There are additional measures that one can take to protect the firewalls components and configuration files. The permissions for the firewalls folder and the files it contains can be tightened to further restrict who or what can access them. The specific registry keys you mentioned can be added to those monitored by a HIPS. An integrity checker can be used to monitor everything in the folder and alert you to changes. A batch file that runs at bootup (or sooner with a bootloader) can be used to overwrite any or all of the files in the Kerio directory with copies stored elsewhere on the hard drive. The link in my signature, "Registry Protection for 9X Systems" explains the basic idea. It would need to be modified for bootloader use on NT systems. Some classic HIPS, including both versions of SSM have a window filter module. You specify the file name that you want to protect as it would appear in an editor or Windows Explorer, adding it to the watch list. When SSM detects a window with that name in the title bar, it will close either the window or kill the process, your choice. The system scheduler that I use also has a similar ability, but with more options for the action it takes. See http://www.splinterware.com/products/wincron.htm for more info. Look for info on the Window Watcher feature. This is by far one of the most versatile task schedulers I've ever seen. Even the free version puts Windows built in scheduler to shame.
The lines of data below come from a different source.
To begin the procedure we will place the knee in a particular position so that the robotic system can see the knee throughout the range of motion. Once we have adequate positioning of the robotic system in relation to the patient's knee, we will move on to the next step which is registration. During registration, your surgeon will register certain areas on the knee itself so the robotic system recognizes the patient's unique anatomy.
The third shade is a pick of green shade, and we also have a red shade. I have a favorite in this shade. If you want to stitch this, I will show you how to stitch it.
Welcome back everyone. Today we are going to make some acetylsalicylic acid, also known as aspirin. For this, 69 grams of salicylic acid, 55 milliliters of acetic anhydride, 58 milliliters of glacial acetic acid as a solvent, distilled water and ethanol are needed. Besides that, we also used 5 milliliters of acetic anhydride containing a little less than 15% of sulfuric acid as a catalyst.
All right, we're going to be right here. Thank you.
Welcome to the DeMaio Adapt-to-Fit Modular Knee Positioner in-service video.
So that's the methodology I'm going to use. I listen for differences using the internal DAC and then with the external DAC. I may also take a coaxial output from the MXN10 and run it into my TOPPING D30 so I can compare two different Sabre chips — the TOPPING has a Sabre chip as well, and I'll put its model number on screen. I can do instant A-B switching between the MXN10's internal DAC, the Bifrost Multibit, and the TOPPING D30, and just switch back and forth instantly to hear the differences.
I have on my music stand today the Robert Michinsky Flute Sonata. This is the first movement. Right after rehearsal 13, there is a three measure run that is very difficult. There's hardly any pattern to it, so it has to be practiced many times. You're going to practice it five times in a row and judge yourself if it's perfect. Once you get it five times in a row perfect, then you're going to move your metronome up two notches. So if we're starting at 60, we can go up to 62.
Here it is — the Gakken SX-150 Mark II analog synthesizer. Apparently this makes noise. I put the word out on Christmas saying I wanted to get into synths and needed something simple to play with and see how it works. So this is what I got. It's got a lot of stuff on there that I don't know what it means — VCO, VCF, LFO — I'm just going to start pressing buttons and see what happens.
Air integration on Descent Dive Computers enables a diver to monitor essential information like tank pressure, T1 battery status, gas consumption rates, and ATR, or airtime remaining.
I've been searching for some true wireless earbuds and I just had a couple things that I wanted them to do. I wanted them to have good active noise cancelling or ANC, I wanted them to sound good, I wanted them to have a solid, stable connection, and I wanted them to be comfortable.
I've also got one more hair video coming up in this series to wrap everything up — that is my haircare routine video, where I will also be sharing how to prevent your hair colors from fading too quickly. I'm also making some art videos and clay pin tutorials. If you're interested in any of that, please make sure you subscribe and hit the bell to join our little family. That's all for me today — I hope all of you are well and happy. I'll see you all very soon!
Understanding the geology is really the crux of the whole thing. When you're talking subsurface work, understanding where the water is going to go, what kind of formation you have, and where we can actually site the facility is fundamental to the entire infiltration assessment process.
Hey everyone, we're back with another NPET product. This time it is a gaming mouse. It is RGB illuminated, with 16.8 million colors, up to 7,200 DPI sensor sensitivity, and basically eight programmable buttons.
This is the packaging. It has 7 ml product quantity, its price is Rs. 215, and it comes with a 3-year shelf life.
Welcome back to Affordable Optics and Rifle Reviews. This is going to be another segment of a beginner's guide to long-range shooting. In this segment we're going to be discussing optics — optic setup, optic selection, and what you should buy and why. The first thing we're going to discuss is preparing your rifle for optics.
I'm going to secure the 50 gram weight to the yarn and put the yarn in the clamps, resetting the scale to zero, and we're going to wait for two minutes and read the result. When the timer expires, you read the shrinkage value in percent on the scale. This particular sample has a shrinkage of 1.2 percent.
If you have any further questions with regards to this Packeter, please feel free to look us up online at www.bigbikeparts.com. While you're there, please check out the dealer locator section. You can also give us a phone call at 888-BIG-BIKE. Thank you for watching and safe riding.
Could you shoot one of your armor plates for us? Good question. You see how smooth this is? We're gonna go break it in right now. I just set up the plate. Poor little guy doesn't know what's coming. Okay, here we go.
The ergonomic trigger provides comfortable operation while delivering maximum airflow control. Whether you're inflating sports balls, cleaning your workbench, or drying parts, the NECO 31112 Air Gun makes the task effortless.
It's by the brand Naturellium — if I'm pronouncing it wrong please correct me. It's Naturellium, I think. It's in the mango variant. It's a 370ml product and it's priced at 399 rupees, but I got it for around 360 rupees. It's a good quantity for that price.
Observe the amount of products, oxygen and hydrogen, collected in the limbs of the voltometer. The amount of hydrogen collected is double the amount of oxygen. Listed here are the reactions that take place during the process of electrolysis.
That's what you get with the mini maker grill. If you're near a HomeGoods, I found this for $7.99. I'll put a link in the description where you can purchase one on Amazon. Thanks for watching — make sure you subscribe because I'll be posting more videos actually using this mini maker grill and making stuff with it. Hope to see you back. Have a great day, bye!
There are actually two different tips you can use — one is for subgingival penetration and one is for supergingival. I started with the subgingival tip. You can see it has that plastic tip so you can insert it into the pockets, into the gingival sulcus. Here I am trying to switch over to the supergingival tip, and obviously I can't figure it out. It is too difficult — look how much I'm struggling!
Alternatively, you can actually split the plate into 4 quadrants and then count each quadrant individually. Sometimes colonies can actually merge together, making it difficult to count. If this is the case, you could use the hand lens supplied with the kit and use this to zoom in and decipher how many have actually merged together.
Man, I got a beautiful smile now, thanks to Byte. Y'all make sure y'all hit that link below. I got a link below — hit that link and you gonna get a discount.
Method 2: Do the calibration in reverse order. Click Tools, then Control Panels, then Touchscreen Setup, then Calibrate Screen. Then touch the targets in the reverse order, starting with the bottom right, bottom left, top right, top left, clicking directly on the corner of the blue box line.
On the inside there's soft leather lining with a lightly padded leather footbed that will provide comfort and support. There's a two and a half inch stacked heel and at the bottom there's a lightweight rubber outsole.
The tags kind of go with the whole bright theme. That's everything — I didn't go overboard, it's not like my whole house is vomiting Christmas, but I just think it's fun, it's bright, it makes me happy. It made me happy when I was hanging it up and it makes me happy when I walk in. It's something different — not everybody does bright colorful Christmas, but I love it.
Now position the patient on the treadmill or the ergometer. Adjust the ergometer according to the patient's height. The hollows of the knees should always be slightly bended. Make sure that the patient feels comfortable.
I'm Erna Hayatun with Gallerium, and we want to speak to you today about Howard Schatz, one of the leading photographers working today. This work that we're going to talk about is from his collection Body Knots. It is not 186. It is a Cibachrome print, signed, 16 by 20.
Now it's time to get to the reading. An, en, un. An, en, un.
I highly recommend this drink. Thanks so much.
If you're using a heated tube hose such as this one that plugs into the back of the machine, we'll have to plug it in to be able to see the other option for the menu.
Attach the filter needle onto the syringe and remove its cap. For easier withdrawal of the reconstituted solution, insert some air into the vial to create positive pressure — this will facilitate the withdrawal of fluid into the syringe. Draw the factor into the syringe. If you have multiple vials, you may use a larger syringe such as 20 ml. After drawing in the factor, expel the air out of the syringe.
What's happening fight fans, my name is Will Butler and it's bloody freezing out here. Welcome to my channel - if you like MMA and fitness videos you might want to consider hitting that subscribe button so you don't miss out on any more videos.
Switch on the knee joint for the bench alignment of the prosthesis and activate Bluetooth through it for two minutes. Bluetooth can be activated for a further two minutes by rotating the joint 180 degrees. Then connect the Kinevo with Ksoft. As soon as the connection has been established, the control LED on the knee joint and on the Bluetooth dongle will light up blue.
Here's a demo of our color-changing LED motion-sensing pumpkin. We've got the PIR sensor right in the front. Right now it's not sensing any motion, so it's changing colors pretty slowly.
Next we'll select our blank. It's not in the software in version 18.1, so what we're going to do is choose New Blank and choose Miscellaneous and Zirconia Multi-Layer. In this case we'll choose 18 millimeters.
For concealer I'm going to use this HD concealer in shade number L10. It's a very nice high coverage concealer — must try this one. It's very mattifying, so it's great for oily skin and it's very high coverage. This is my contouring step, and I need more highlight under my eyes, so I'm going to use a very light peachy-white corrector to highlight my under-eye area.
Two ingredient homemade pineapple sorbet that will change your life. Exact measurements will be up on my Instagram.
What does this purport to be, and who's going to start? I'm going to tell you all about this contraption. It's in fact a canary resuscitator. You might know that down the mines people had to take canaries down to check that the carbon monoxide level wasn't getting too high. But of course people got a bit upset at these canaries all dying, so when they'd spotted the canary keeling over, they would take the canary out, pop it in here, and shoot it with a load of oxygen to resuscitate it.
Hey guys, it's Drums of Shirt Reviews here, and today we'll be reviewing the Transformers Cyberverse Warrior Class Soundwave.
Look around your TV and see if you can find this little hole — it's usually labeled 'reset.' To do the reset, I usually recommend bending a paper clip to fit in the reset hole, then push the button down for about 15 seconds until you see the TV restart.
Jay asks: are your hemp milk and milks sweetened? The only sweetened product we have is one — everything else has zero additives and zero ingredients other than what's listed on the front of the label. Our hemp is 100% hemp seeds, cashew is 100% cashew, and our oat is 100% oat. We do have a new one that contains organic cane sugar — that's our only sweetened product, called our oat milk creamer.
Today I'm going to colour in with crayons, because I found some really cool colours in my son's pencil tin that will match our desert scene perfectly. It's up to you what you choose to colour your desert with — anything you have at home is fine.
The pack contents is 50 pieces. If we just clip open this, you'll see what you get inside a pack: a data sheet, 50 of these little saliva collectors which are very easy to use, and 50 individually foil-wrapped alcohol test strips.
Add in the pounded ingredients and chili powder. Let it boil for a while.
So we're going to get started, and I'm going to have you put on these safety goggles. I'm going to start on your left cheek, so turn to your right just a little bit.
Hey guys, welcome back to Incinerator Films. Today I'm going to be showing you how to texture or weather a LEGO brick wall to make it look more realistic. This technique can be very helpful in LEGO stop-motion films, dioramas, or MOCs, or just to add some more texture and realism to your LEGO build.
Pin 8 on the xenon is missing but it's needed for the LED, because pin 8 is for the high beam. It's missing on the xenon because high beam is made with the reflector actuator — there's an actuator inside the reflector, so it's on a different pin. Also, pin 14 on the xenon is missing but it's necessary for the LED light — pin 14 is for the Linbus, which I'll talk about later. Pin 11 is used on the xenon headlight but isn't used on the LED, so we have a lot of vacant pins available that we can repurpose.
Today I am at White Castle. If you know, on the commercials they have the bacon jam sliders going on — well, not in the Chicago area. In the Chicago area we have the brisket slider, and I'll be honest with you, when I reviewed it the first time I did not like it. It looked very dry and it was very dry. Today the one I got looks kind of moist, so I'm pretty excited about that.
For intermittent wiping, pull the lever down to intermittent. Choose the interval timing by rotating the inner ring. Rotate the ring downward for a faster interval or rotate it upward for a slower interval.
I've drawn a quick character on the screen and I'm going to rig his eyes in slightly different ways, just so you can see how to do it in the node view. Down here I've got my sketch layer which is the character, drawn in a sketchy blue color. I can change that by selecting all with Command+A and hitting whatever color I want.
Any suggestions on a good file integrity checker/monitor? Years ago I used FileMapp by BB which IIRC falls into that category. Also on Kerio I'm still making changes to the rules. I put my DHCP server address into remote endpoint of DHCP rule. Have IP blocklist rule using single and Network range. Disabled all settings in Microsoft Networking. Do I then need to add MS rules manually for Net Bios or Windows services? I also block explorer, but not sure if that goes high on the rule list.
Regarding integrity checkers, see this post. I haven't looked for more current checkers for NT systems. If I recall, there were several at SourceForge. DHCP is performed by svchost.exe. In addition to the IP, you can also restrict it to the specific ports it uses. As for other Windows services or NetBIOS, allow only what you specifically need. If Kerio is set to "ask me first", you'll be prompted if more is needed. If you don't want to be prompted, put a blocking rule for all other svchost.exe traffic after its last permit rule. Rules that block all traffic to specific executables like windows explorer should be at or near the top of the list. Just make sure that there's no global permit rules (rules for any or all applications) above it that would allow specific types of traffic.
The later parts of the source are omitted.